- **Data**:
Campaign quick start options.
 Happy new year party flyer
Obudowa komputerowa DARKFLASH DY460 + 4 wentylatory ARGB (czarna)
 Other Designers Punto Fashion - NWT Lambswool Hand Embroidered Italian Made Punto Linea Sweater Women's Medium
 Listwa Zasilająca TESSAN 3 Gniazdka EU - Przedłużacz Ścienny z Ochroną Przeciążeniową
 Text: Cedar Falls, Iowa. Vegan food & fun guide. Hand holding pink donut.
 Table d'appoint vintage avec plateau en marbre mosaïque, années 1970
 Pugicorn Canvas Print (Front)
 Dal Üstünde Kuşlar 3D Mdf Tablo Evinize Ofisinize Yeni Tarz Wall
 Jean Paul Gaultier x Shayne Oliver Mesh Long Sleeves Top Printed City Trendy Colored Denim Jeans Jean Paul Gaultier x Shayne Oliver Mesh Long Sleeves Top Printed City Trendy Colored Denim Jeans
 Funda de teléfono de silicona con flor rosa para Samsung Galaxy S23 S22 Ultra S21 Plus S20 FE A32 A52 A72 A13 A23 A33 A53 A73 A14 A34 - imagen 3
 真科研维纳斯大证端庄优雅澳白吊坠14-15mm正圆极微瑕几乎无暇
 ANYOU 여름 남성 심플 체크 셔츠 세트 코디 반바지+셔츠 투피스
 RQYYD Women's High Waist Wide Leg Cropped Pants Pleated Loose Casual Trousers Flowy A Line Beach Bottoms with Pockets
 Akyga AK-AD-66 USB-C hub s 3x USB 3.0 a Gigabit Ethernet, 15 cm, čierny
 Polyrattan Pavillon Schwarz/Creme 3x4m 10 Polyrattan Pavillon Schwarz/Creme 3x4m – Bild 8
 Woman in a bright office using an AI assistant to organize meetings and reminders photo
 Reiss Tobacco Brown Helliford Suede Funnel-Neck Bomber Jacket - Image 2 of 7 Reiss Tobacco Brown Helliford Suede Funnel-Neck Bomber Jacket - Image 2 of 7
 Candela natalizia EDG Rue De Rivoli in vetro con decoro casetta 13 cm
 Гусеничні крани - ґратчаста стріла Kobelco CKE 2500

- **What needs to be done**: Only output the lines from the one with "Candela natalizia EDG" through the end of the entries above, exactly as they are.

- **Response to the exercise**:
 Candela natalizia EDG Rue De Rivoli in vetro con decoro casetta 13 cm
 Гусеничні крани - ґратчаста стріла Kobelco CKE 2500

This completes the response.